Standards of Conduct

Empire State College policy prohibits the unlawful possession, use or distribution of illicit drugs and the abuse of alcohol by students and employees on college property or as part of the college’s activities.

Health Risks

There are significant psychological and physiological health risks associated with the use of illicit drugs and alcohol. Physical addiction, loss of control, and withdrawal syndrome, as well as serious damage to vital organs of the body can result from drug and alcohol abuse. Further information is available from college locations or the Office of Academic Affairs.

Federal, State, and Local Legal Sanctions

Conviction for possession and sale of controlled substances carries a number and variety of penalties under New York state law. These range from fines to prison terms of 15 years to life, depending upon the nature of the substance, the criminal act, and the character of the crime. Federal Trafficking Law convictions also carry a variety of penalties, which range from five to 30 years in prison and substantial fines. These sanctions are described in materials, which are available at the college locations or the Office of Academic Affairs.

Disciplinary Sanctions – Students

A student accused of possession/use of or distribution of drugs will be subject to the college’s Student Conduct Policy and Procedures (see page 99). Sanctions for those found responsible may include written warning, suspension or expulsion.

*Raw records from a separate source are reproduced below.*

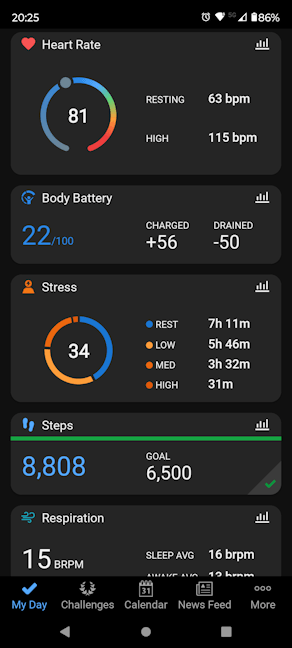 O parte din statisticile de sÄƒnÄƒtate afiÈ™ate de Garmin Connect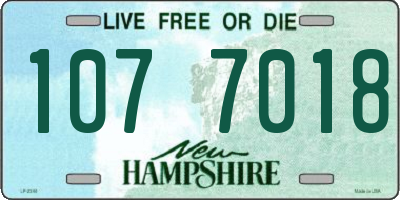 NH license plate 1077018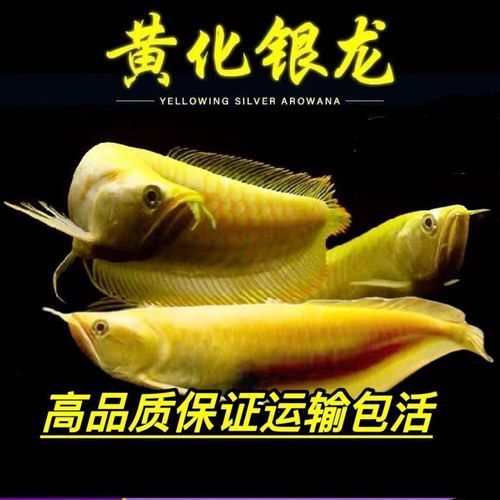 白子銀龍魚和黃化銀龍魚區(qū)別在哪里圖片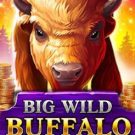 Big Wild Buffalo 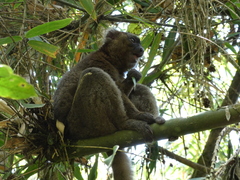 Prolemur simus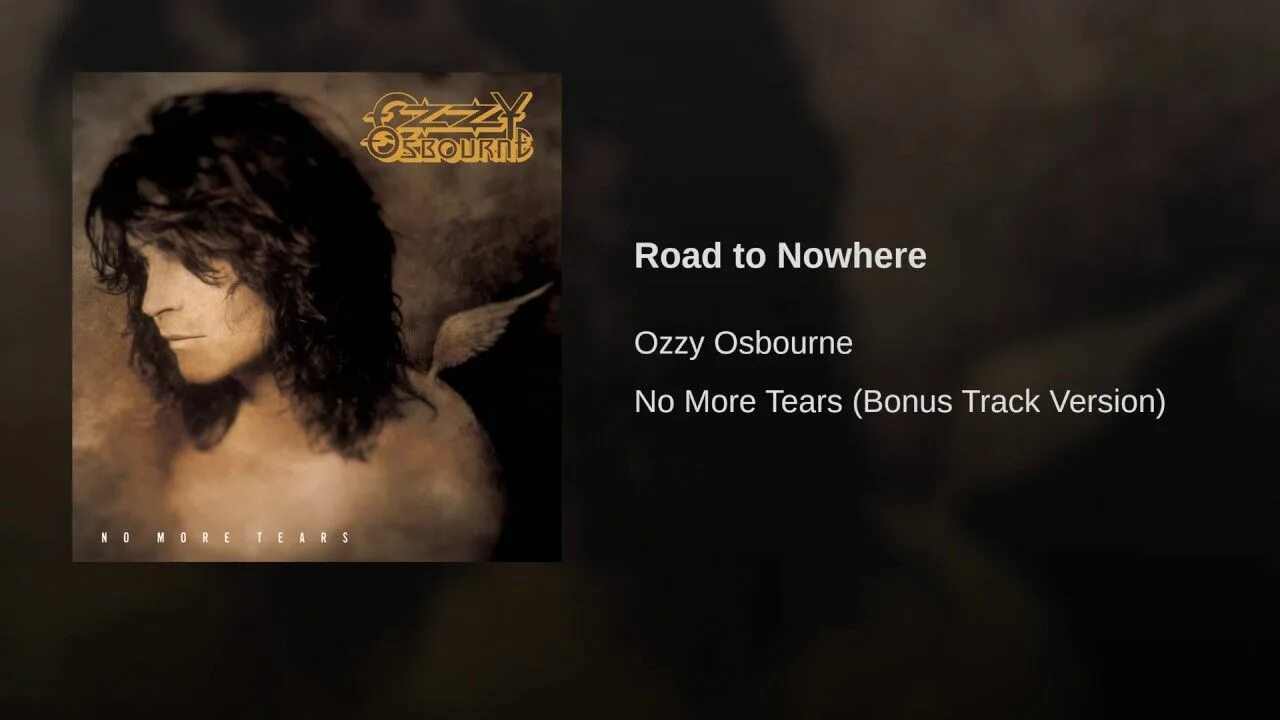No more tears текст. Hellraiser Ozzy Osbourne. No more tears Оззи Осборн. Hellraiser Ozzy Osbourne Motorhead. Ozzy Osbourne no more tears 1991.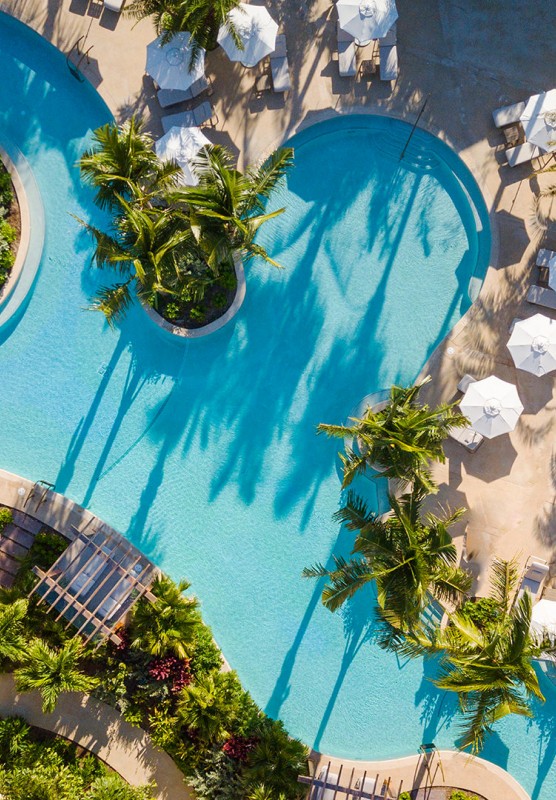 Aerial shot of beautiful pool surrounded by palm trees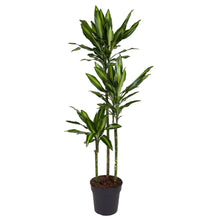 Kamerplant - Dracaena Cintho - Pot Ø 24cm Hoogte ↕ 160cm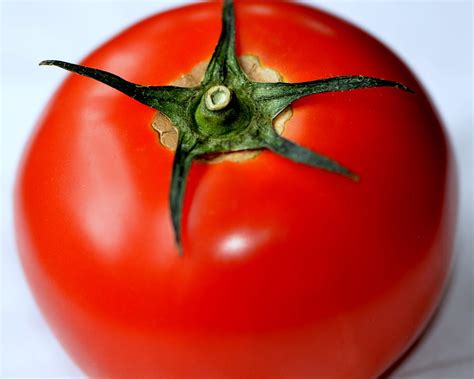 Flying Tomato Photograph By Tanya Tanski Fine Art America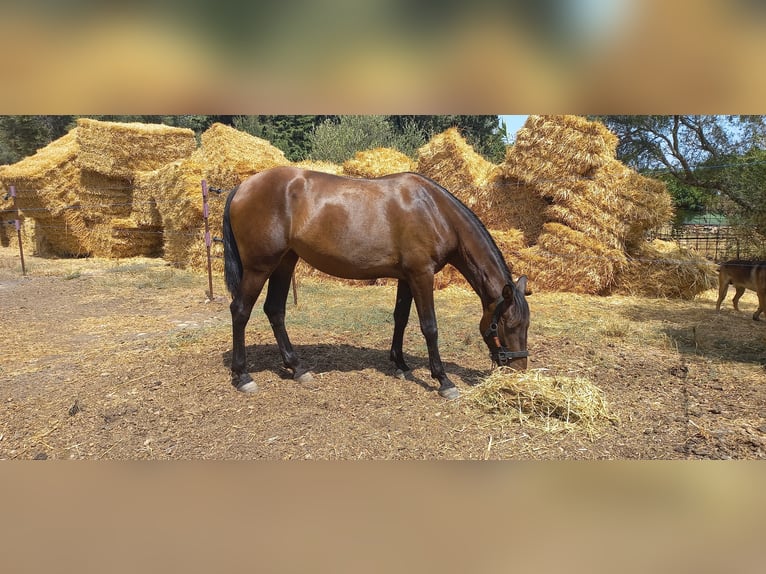 PRE Giumenta 3 Anni Baio in Tarifa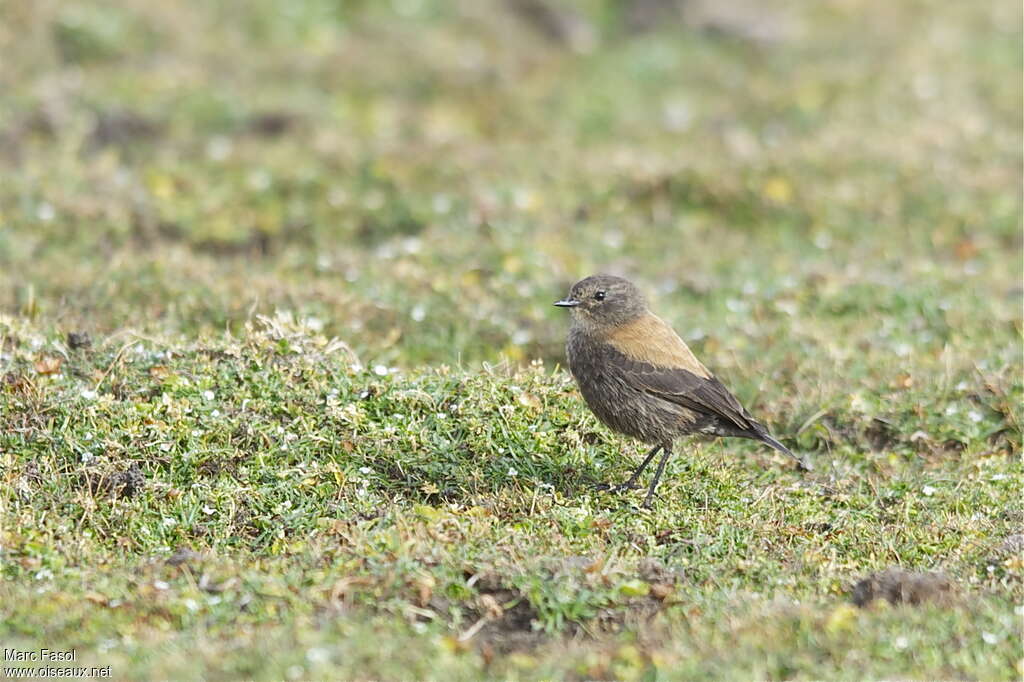 Andean Negrito female adult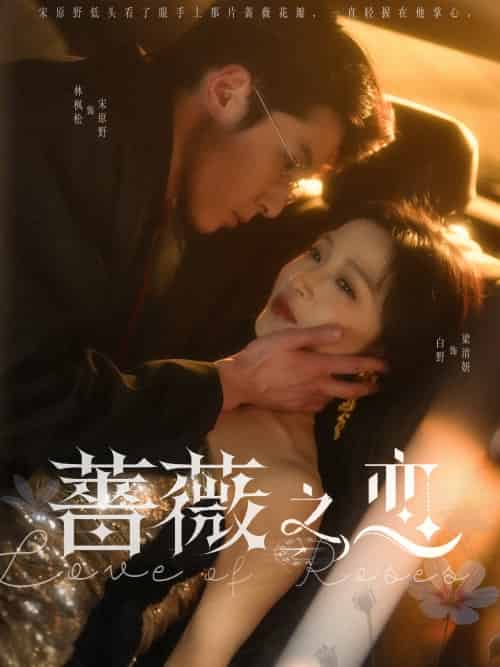 蔷薇之恋（82集）林枫松＆白野-紫橙资源网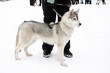 Husky dog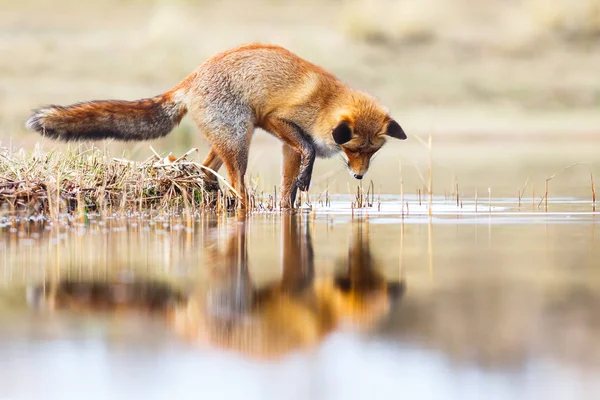 Fox pití na stream — Stock fotografie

STUDENT CLUBS AND ORGANIZATIONS

The college passed a clubs and organizations recognition policy in March 2010. The development of formally recognized clubs and organizations began shortly after this. Several informal groups meet at the college’s regional locations. You should inquire with your student service coordinator for more information about available clubs.

If you are interested in starting a new club or organization at the college, the policy below will get you started. You should contact Kimberly Neher, Associate Director of Alumni and Student Relations, (Kimberly.Neher@esc.edu) for more information.

Recognition Policies

I.  Only officially recognized organizations may use the name of the State University of New York or Empire State College (the college) for identification purposes, obtain organizational privileges in the use of the college’s facilities and services, or imply college sponsorship or approval of their activities.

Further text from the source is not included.